I'd want to see some measurements from real world projects to believe chainig should be the default. If I take, say, the Chromium codebase, and the LibreOffice codebase, and I look at places they use any type of hash table, how often are they going to be for stuff that'd be "better suited" to chaining? Am I going to consistently find 50% ? 10% ? 1% ?


Pretty much 95% of all hybrid data structures.

Now hybrid data structures are only used in systems programming, because they require to be particularly careful about object lifetime and such.


In my experience / tests, its way easier to write a high-performance open-addressing Hash Table than a high-performance chaining one.

That being said, chaining is easier to write.

> Chaining also tends to waste a lot less memory.

How so? A typical 32-bit integer or 32-bit float uses 4-bytes. But a typical pointer is 8-bytes. But there's also the internal malloc/new chunk header to consider.

That means, to store a 4-byte integer into a chained hash table, you need 8-bytes (pointer) + 8-byte (glibc malloc chunk header) + 4 byte integer/float. Or 20 bytes total in practice.

If you have say, 50 integers inside of the hashmap, then you'll use (table-size * 8) + 50-integers * 20 bytes each == 1000+ bytes for the pointers/data alone, plus even more for the table itself. (ex: Table of size 50 would need 50 * 8-byte pointers even when empty, for a total of 1000 bytes + 400 bytes == 1400 bytes or so)

In contrast, a 4-byte open-addressing hash table only takes up 4-bytes. So 50-integers in a hashmap with ~50% load-factor (ie: size the table to be size 128 or so) will be 128 * 4 == 512 bytes.

EDIT: Its because of this huge practical difference in memory used that I'm pretty sure open-addressing is so high performance in comparison.
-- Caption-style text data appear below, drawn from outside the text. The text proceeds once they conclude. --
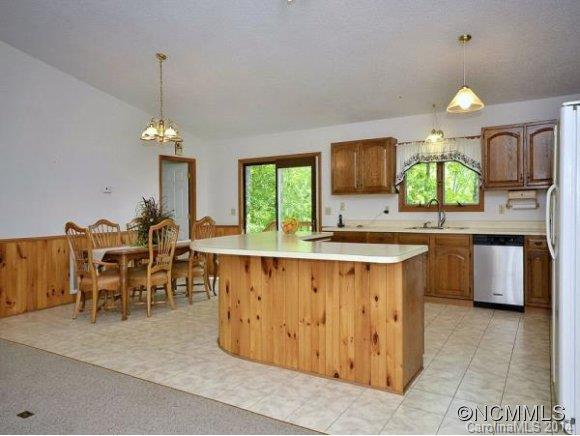 Rolling Acres Estates - Residential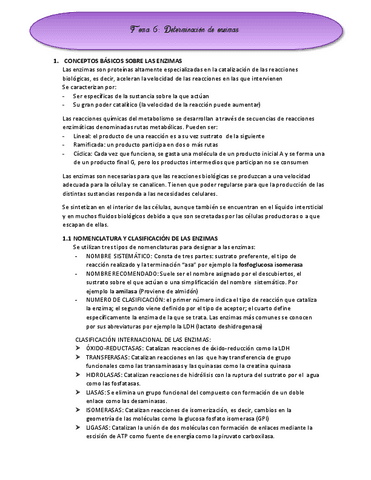Tema-6--Determinacion-de-enzimas.pdf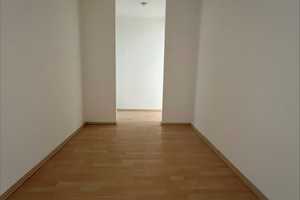 Helle 2- Zimmer Wohnung mit Garten in Bielefeld – Bardenhorst 10a, 33739 Bielefeld – Vorschaubild 4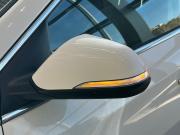 Hyundai Sonata VII (LF) Рестайлинг Екатеринбург  - изображение 36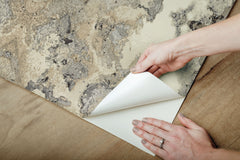 PSW1107RL-peel-and-stick-wallpaper-peel-application-step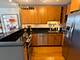 655 W Irving Park Unit 307, Chicago, IL 60613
When your data-structures are 1/2 or smaller number of bytes than the competition, its easier to stay in L1 cache or other such size benefits.


It is not necessary for an allocator to have any hidden overhead inside an allocated block. That would be quite unacceptable for small blocks like a 32 byte block holding four pointer-sized values.

In any case, applications can do their own aggregation for small allocations: allocate the nodes in an array and dole it out from that. It can recycle unused nodes itself.


> In any case, applications can do their own aggregation for small allocations: allocate the nodes in an array and dole it out from that. It can recycle unused nodes itself.

Or you could just write the open-addressing HashMap, which is easier than implementing your own custom small allocation malloc()/free()?

That's the thing. To make chaining competitive against open-addressing HashMaps, you've got to bend-over backwards and its suddenly not easy anymore. Though you're right in that different versions of malloc/free could be more efficient. Ex: tcmalloc() has small allocations built in already like you mention.

But even if you erase those 8-bytes from the glibc chunk implementation of malloc, you're _still_ 8-bytes over the open-addressing implementation (you can't get rid of the 8-byte "next" pointer). So all that work and you're still worse off than the other methodology.


I can write aggregating allocation for a C with my eyes closed, in a tiny number of lines. These days I mostly wouldn't. If the target system thinks it's a good idea to add a header to every 32 byte allocation, that's their problem. No worthwhile malloc implementation does that, other than in a debugging configuration, where it adds "red zones".

The calculations in my other post show that it's not as simple as that next pointer being pure overhead compared to open addressing.

https://news.ycombinator.com/item?id=35416520


Nodes don't have to be allocated with malloc (that is actually the worst thing you could possibly do).

An open-addressing hash table only performs well up to 50-75% bucket usage. Chaining doesn't care and performs the same up to 100%.


> Nodes don't have to be allocated with malloc (that is actually the worst thing you could possibly do).

I mean... the most obvious place to place nodes is... inside the table itself. Also known as Open Addressing.

Or what, are you going to implement a 2nd, custom heap algorithm to manage your nodes? I guess there's "buddy allocators", but buddy-allocators aren't exactly free either. Whatever method you're using to keep track of nodes is going to have some level of inefficiency.

Whatever allocation you're doing to get these nodes (above-and-beyond generic malloc) is time you could have been spent writing open-addressing instead.

> An open-addressing hash table only performs well up to 50-75% bucket usage. Chaining doesn't care and performs the same up to 100%.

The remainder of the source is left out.